OCSEAN is lacuned in 2020 and scheduled funded by the European Commission (H2020-MSCA-RISE-2019 Marie Sklodowska-Curie Research and Innovation Staff Exchange, Project Number 873207), scheduled to officially launch in 2020 and operate for 4 years. Led by a consortium of 9 European universities, including the University of Tübingen, the project work is a collaboration with several universities and institutes abroad. It unites researchers from across the world to re-evaluate our understanding of the Austronesian expansion, doing so by using new high-density data from archaeology, biological anthropology, linguistics and genomics. In line with the mission of the DFG Center “Words, Bones, Genes, Tools,” OCSEAN aims to address questions of the Austronesian expansion using distinct datasets within a common statistical framework.

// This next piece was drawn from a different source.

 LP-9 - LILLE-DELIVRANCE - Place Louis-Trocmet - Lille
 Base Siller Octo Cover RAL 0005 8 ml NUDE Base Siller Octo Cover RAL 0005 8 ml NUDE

OCSEAN will achieve a synthesis of disciplines using state-of-the-art computational and statistical methods to interrogate the structural relationship between joint data sets. The research contextualizes the expansion of the Austronesian language family within the growing evidence for social and political complexity across Island Southeast Asia and coastal mainland regions prior to the arrival of rice and millet agriculture to Taiwan during the mid 5th millennium BP. It also takes into account the rich history of interaction since the spread of the Malayo-Polynesian branch of Austronesian outside of Taiwan. OCSEAN brings together leading researchers from the humanities and sciences and combines the resources of multiple laboratories to tackle questions that can only be addressed with this extensive network of cooperation.